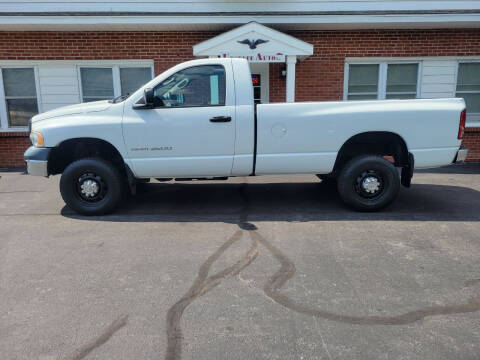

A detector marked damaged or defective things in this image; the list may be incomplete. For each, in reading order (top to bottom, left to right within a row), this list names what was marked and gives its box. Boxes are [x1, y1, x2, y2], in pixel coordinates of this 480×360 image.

crack in pavement [63, 314, 128, 358]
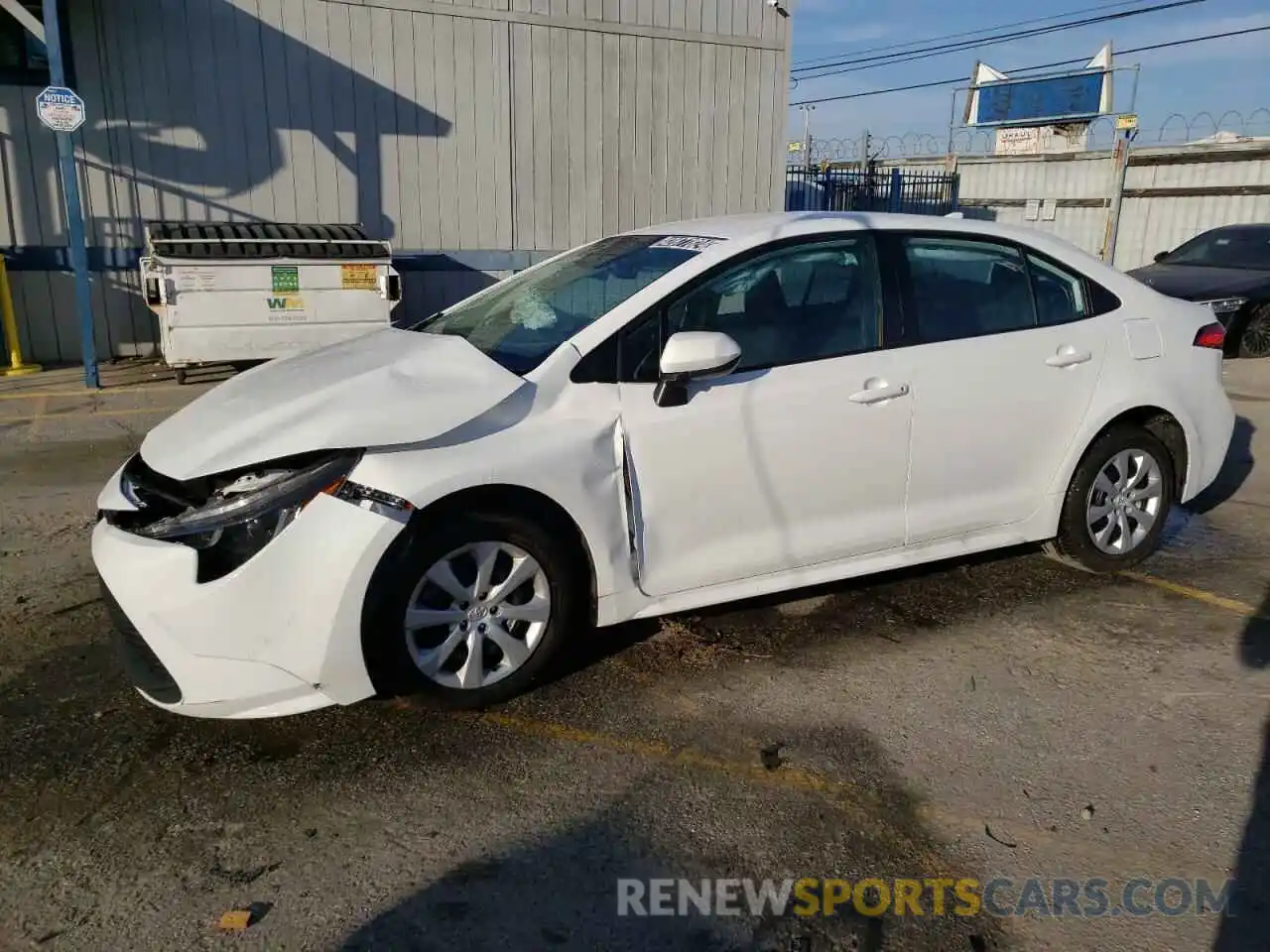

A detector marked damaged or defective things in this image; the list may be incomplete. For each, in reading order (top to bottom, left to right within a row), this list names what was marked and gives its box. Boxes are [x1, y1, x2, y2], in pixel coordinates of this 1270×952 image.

broken headlight [133, 454, 360, 581]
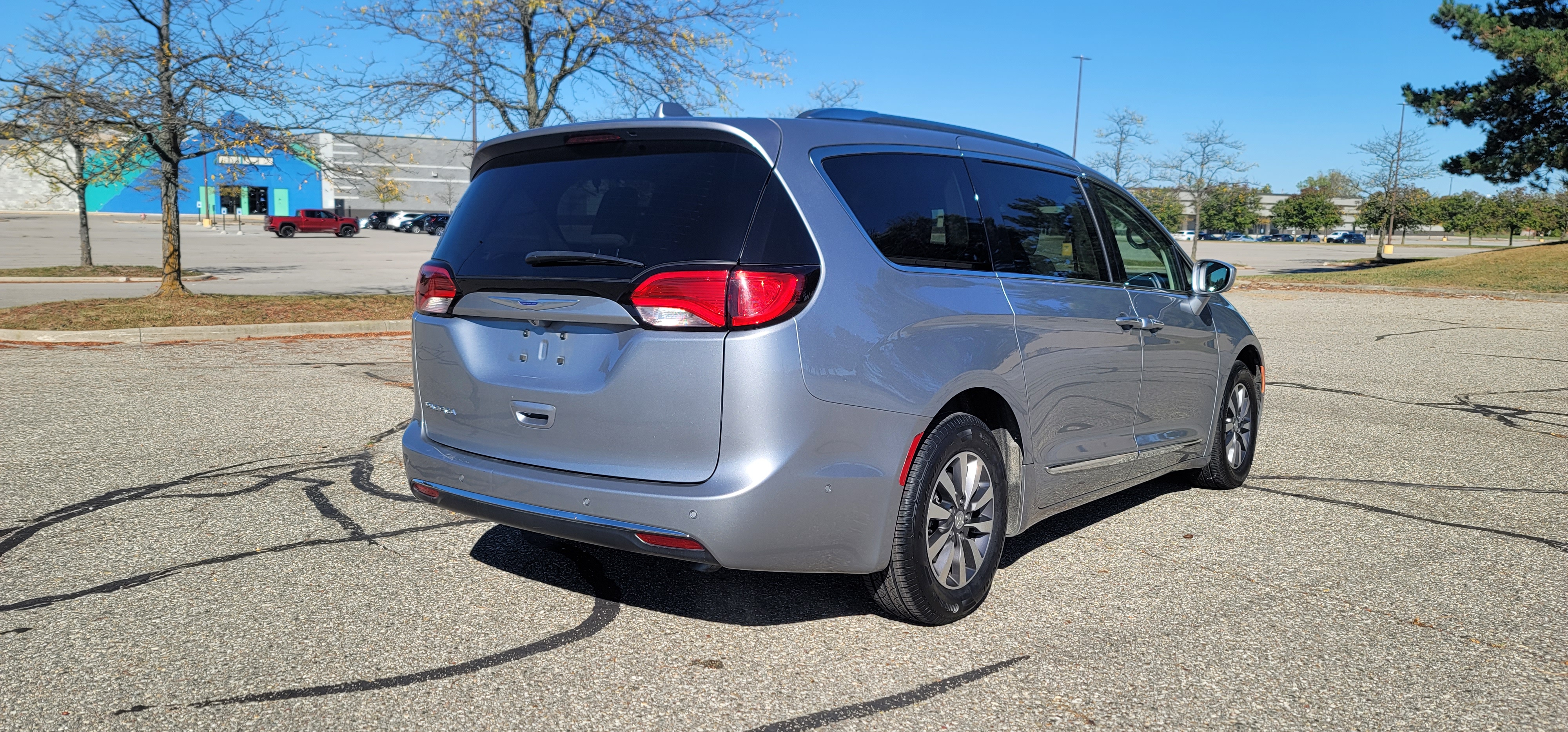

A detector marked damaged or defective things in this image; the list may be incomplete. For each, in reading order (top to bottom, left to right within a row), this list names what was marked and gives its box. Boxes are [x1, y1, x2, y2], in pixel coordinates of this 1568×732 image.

cracked asphalt [0, 293, 1562, 732]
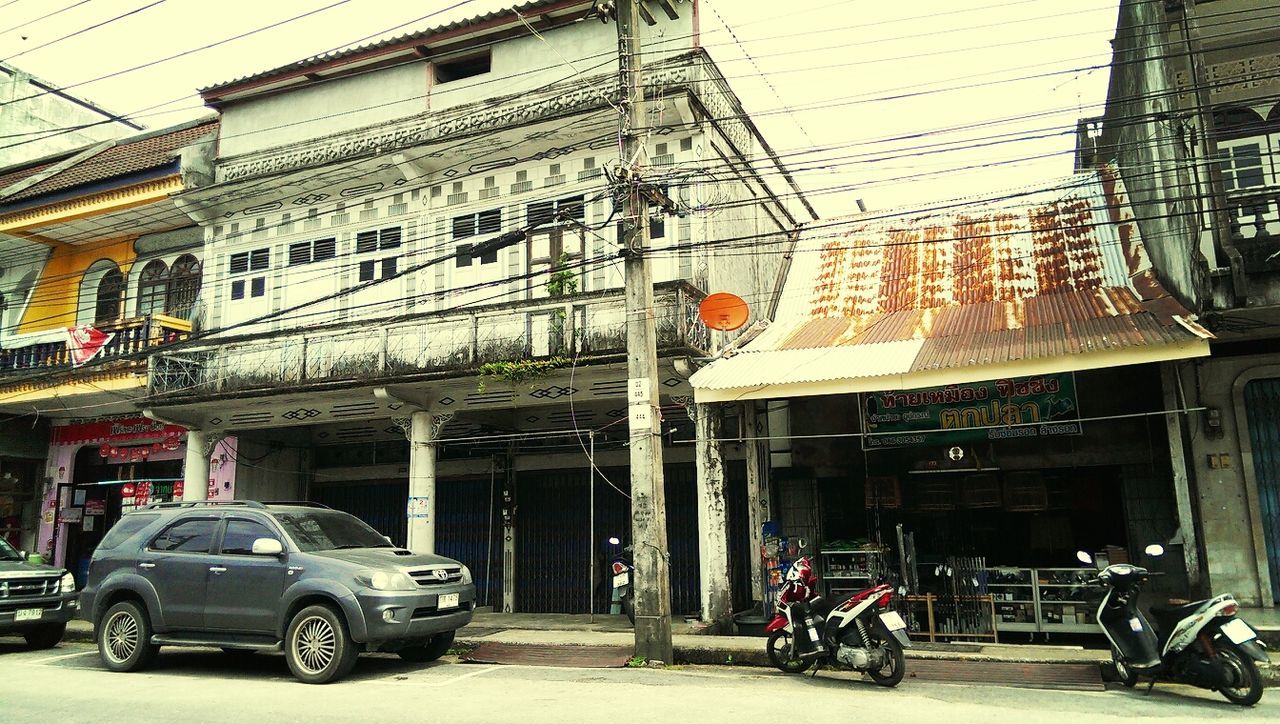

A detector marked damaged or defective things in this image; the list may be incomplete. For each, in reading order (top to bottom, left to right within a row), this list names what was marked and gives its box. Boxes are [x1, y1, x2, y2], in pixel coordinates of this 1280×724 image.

rusty metal roof [696, 166, 1213, 404]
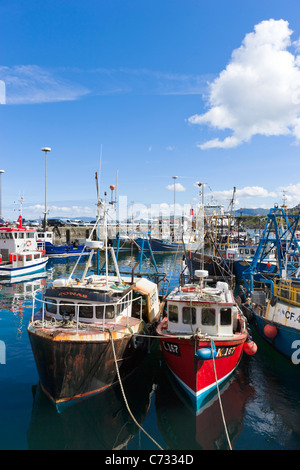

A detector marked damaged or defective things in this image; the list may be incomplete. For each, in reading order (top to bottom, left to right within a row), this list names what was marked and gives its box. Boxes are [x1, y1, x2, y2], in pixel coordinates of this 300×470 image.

rusty hull boat [27, 215, 164, 410]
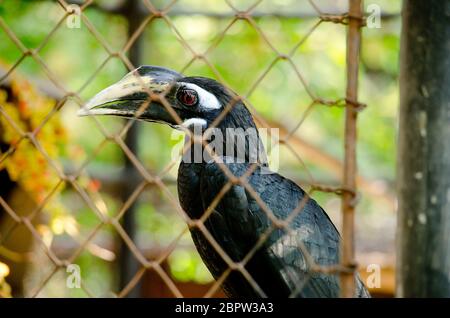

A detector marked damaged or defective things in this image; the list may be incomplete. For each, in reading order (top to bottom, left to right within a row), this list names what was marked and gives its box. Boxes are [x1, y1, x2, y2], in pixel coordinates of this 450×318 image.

rusty metal wire [0, 0, 366, 298]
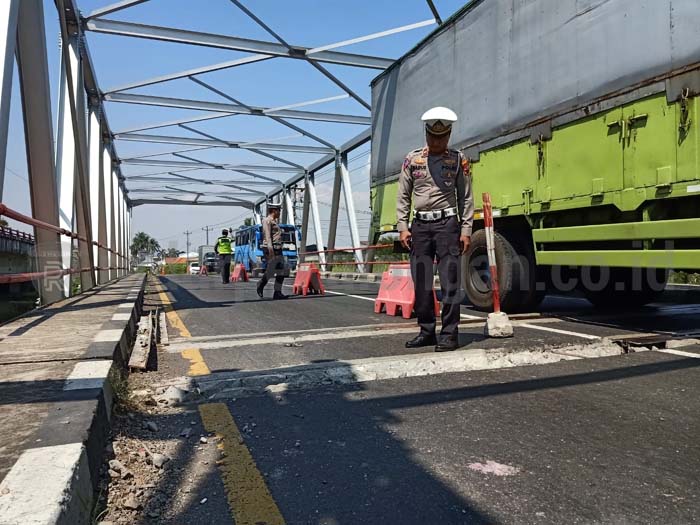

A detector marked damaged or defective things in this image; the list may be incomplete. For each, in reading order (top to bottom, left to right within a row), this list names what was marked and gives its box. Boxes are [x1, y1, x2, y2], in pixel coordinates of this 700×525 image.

damaged road surface [93, 276, 700, 520]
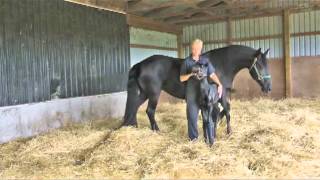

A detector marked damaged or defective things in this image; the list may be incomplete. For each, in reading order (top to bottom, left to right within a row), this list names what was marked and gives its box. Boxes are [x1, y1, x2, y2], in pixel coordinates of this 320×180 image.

rusty metal panel [0, 0, 130, 107]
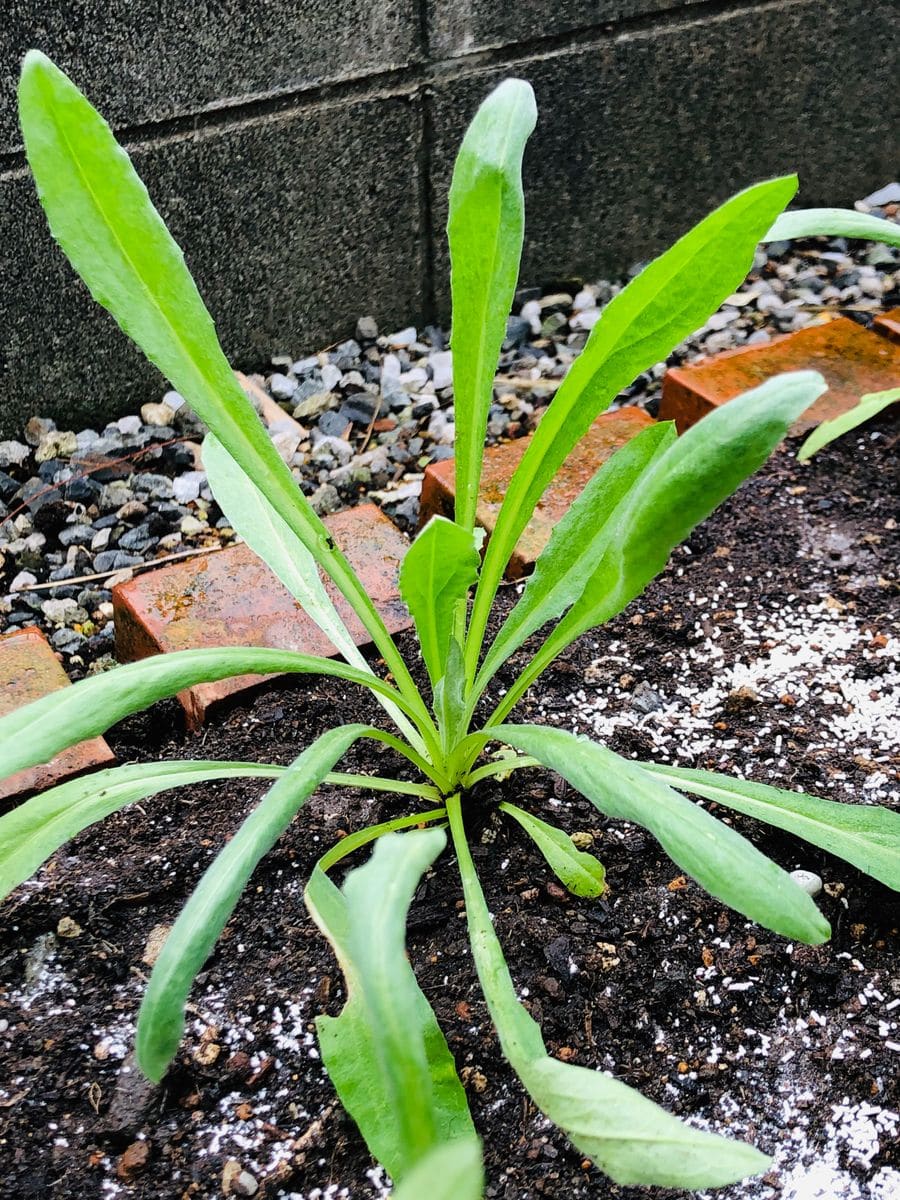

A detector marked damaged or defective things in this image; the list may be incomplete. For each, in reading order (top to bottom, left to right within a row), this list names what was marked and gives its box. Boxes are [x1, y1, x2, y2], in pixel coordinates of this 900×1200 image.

### WHAT THE TASK REQUIRES
Transcribe the records above exactly, without images.

### SOLVED EXERCISE
A detector marked damaged or defective things in this image; the list may be incomplete. For each, in reading order (top to bottom, left to right within a row), this list names what was marked and gives its box. Boxes are [x1, y1, x2, y2], in pixel coordinates of this 480×360 image.

crack in pavement [63, 314, 128, 358]

A detector marked damaged or defective things in this image; the list may be incomplete. For each, in reading order (top to bottom, left to right within a row), this list names what was marked and gives its box. Boxes are [x1, y1, x2, y2], in pixel coordinates of this 1270×952 image.

broken headlight [133, 454, 360, 581]

A detector marked damaged or defective things in this image; the list may be incomplete. For each, in reading order (top to bottom, left to right within a row), this list names what was marked and gives its box. Boxes are [x1, y1, x2, y2], in pixel coordinates of this 1568×732 image.

cracked asphalt [0, 293, 1562, 732]

A detector marked damaged or defective things in this image; the list may be incomplete. For each, in reading order (top to bottom, left to right within a row), this list names what was marked and gives its box. Boxes are [x1, y1, x2, y2], in pixel coordinates of this 1280×724 image.

rusty metal roof [696, 166, 1213, 404]

A detector marked damaged or defective things in this image; the list may be incomplete. For each, in reading order (top to bottom, left to right within a row), this list names what was marked and gives its box. Boxes are [x1, y1, x2, y2], in pixel coordinates of this 300×470 image.

rusty hull boat [27, 215, 164, 410]

A detector marked damaged or defective things in this image; the list may be incomplete. For each, in reading order (top to bottom, left to right within a row), this list names what was marked and gives its box. Boxes are [x1, y1, x2, y2], in pixel coordinates of this 450×318 image.

rusty metal wire [0, 0, 366, 298]

A detector marked damaged or defective things in this image; the list may be incomplete. For each, in reading order (top to bottom, left to right within a row), this list names what was marked and gives its box. Boxes are [x1, y1, x2, y2], in pixel coordinates of this 700×525 image.

damaged road surface [93, 276, 700, 520]

A detector marked damaged or defective things in this image; the list may be incomplete. For each, in reading order (top to bottom, left to right within a row), this list names what was marked and gives its box. Boxes are [x1, y1, x2, y2], in pixel coordinates of this 320×180 image.

rusty metal panel [0, 0, 130, 107]

A detector marked damaged or defective things in this image; the list may be incomplete. For each, in reading order (top to bottom, left to right within a row), this list names what was marked and gives its box. Boxes are [x1, y1, x2, y2], in pixel coordinates of this 900×1200 image.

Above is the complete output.